Durant les mois suivants, l’artiste, dont la santé décline, effectue les dessins, propose les assemblages, laissant le soin de leur mise au point à son ami Jean Dedieu. Il faut attendre le 10 septembre 1964 pour que soient posés les vitraux de l’abside. Disparu l’année précédente, Cocteau n’aura pas pu contempler l’ensemble des verrières prévues dans les parties est, ni même seulement les vitraux de l’abside resplendissant de leurs symphonies en bleu. Au total, quatorze cartons étaient prévus pour habiller, autour de l’abside, le transept, la chapelle des Gournay et l’oratoire abritant les anciens fonts baptismaux, au nord. À la mort de Cocteau, les différents motifs des baies et certains assemblages existaient bien, mais leur localisation n’était pas définie.
Une iconographie complexe
Dans le chœur, Cocteau a mis l’accent sur le vitrail d’axe, dont l’iconographie renvoie à une interprétation religieuse facilement lisible. Tel n’est pas le cas pour l’ensemble des baies de l’abside. Faut-il rappeler que l’artiste ne voulait pas imposer une interprétation figée de son oeuvre ? De ce fait, seule l’iconographie de quelques lancettes peut être clairement énoncée, soit que Cocteau s’en était ouvert auprès du maître verrier, soit qu’une lecture sacrée en est immédiate. Ainsi, l’attitude du personnage du vitrail central peut être lue comme celle d’un orant ou d’un célébrant debout auprès d’un autel ; au-dessus plane la colombe. Plus haut, un autel surmonté d’une croix. Enfin dans la partie supérieure, les tours de Notre- Dame. Dans le vitrail de gauche, le premier posé, il est tentant de voir le début de la Création.
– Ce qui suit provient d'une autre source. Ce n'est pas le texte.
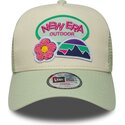shapka-izvita-traker-zelena-snapbek-za-deca-a-frame-outdoor-ot-new-era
Les végétaux à morphologie complexe prennent le relais des deux côtés et se poursuivent dans la chapelle des Gournay, ancienne chapelle funéraire de cette famille patricienne où Bossuet, alors chanoine et archidiacre en la cathédrale de Metz, prononça en 1658 sa première oraison funèbre. C’est dans cette chapelle que Cocteau évoque, à travers les motifs de Minerve et de l’homme cheval, qui rappellent la séquence finale de la mort du poète dans le film Le Testament d’Orphée, son propre testament. En ce lieu, les masques taurins, africains, égyptiens, les yeux scrutateurs, qui prennent en otage le visiteur, peuvent surprendre. Les couleurs se diversifient, les rouges se mêlent au vert, les bleus aux jaunes, le graphisme se fait plus dense, le pittoresque plus impétueux. Et La fantaisie règne dans le transept nord, avec la représentation de la légende de la Belle et la Bête, rappelée par les belles roses et les masques qui emplissent les trois lancettes.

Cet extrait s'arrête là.